E há inumeros casos de artistas famosos extraindo das obras clássicas o néctar de suas obras.
E tudo bem,jamais vão desconfiar.
Assim na feira de literatura de Parati pergunte ao Sr:Chico Buarque porque nunca citou Pasternak em suas obras.De onde vêm esta centelha de seu gênio criador?
Gosto não se discute.Mas ouvir Chico Buarque sobre as suas obra literárias é perder tempo.
Mas está na mídia.É o que importa.E Jack London,Rudyard Kipling,Lima Barreto ficam esquecidos.
Pasternak perseguido pelos sovietes por pintar os vermelhos como homens manipulados,imbecis,cheios de hidrofobia,ignorantes.Eis aí um exemplo do regime diziam os sovietes.E os brancos jovens universitários,sonhadores,pueris.
O fato é que é uma obra artística á a visão de um artista,sobre um momento da Russía.
Como o próprio Napoleão era da Corsega e todos dizem é italiano!
Na Corsega havia franceses também.O fato é que Napoleâo era corso da ilha da Corséga.
Depois de seus exércitos derrotados por duas campnhas da Rússia.
Um Napolêao que chegou a tomar Moscou,mas já envelhecido e cansado e derrotado passou os ultimos anos de vida na ilha de Elba.Recordando os seus feitos.

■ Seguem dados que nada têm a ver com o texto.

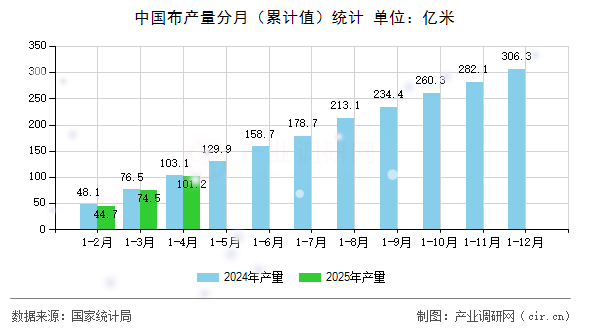 中國(guó)布產(chǎn)量分月（累計(jì)值）統(tǒng)計(jì)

Já não era o homem mais temido da Europa.Diga-se de passagem que apenas um fragnento de seus exércitos eram de franceses.A maioria alemães,austríacos,espanhoís,mercenários.Poucos dominavam a lingua francesa.
E o inverno e os Russos expulsaram através das estepes geladas.Aquele exército esquálido e batido.
Pois uma retirada é uma manobra muito mais complexa que o avanço.
E aqueles homens desesperados se alimentando de cavalos e cães,tinham um longo caminho de volta ao lar.
Ums descrevem os relatos de Victor Hugo em "Os míseraveis" como os maís verossímeis.Mas Toltoi que lutou na Guerra.E nos três tomos de Guerra e Paz.
Faz um relato muito mais detalhado e pormenorizado.
Do estado maior,da corte,das intrigas.É uma obra monumental.
Pois estas obras ficam nas prateleiras das bibliotecas.O descaso com a cultura.Por nossas autoridades que não exigem e desprezam.Esté é o foco da obra de Pasternk ver a barbaríe triunfar.Qualquer semelhança com o momento atual não é mera coincidência.
Aqueles da contra-revolução são piores quando tomam o poder a quem fazem oposição.
E muitas vezes ridicularizam os grandes mestres da literatura Universal.
Criando este ambiente de terror de tráfico.Da banalização da vida humana.Da falta de um sentido para a vida,ascética e espiritual.
Auto-de-fé de Elias Canetti focaliza a biblioteca como um ambiente favóravel para estes meninos ainda taciturnos e sonolentos pelo silêncio.De desenvolverem as suas qualidades e aptidões naturais.
Embora não seja este o foco do livro.